On my Rss Feeds reading system I need to remove any existent script block because some people say this confuse XmlReader.
For that I'm doing this piece of code that I found on web:
allXml = Regex.Replace(allXml, "(.*)<script type='text/javascript'>.+?</script>(.*)", "$1$2");
But this is too slow... There is any way to perform this? I already tried to do the Match first but this is equally slow, like this:
Match rgx = Regex.Match(allXml, "(.*)<script type='text/javascript'>.+?</script>(.*)");
if (rgx.Success)
allXml = Regex.Replace(allXml,"(.*)<script type='text/javascript'>.+?</script>(.*)","$1$2");
The first (.*)
grabs the whole line at once (since *
is a greedy quantifier), and then starts backtracking trying to accommodate all the subsequent patterns. If your string is a very long line, several megabytes long, it might be problematic for the engine, as it will have to perform a lot of steps before it finds the appropriate string chunks for each capturing group defined in the pattern.

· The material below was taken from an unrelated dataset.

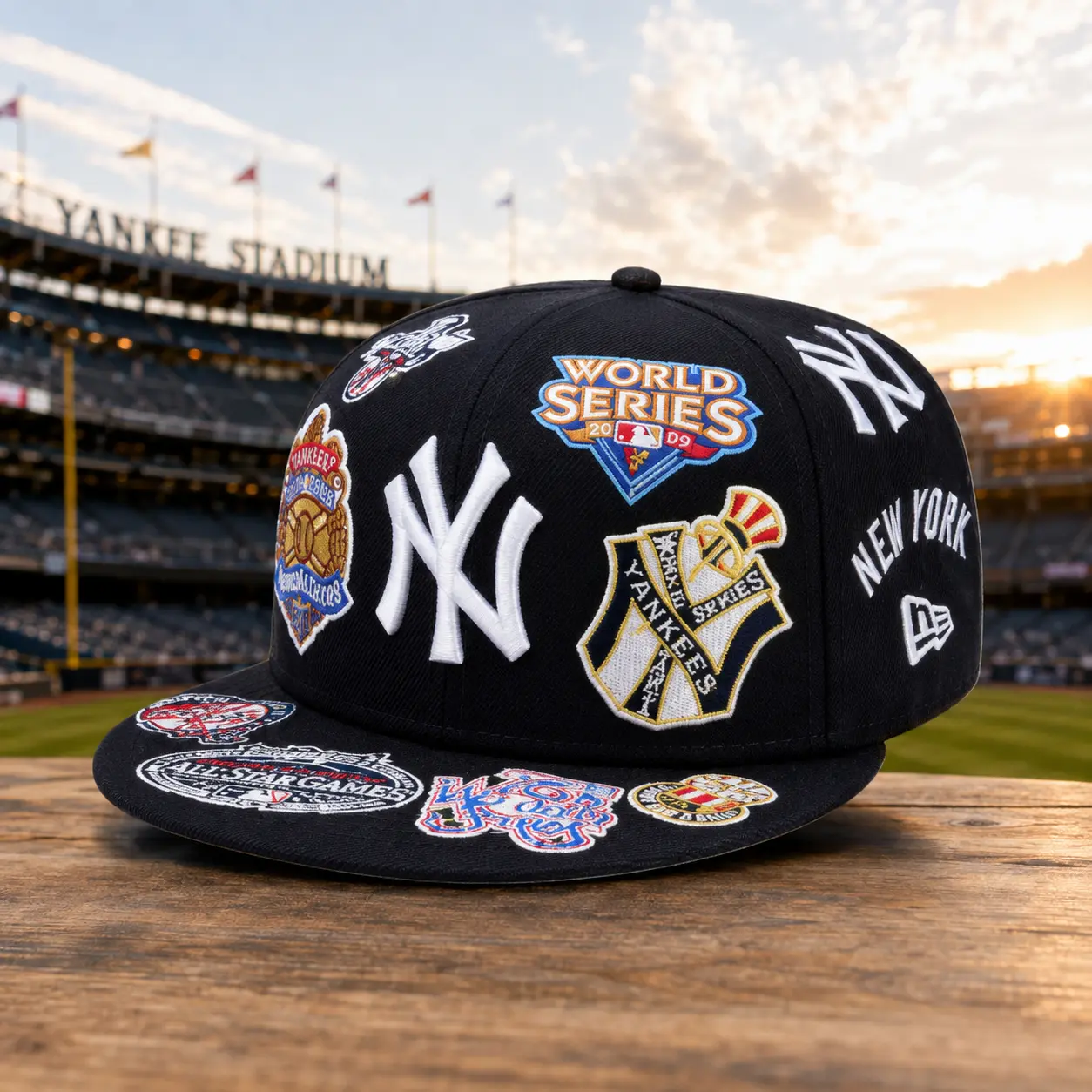 New York NY Patchwork Baseball Cap – Black Flat Brim Embroidered Hat with World Series Inspired Patches, Streetwear Style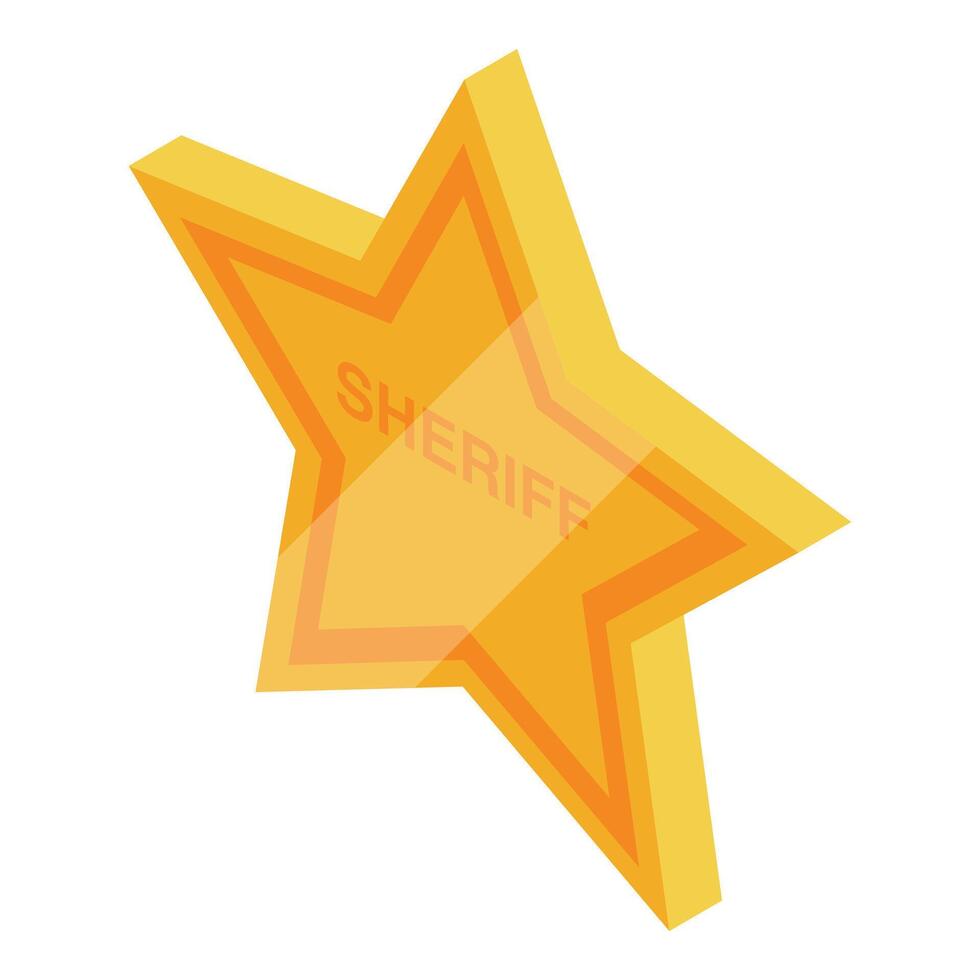 Golden sheriff star badge illustrating law enforcement authority vector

If you want a regex quick and dirty fix, discard the (.*)
s, and just use
string res = Regex.Replace(allXml, "(?s)<script type='text/javascript'>.*?</script>", "")
to remove the <script>...</script>
substrings. Note the (?s)
is the RegexOptions.Singleline
(DOTALL) modifier inline equivalent, so that .
could match newline symbols, too.
However, the best way is to use an HTML parser, like HtmlAgilityPack.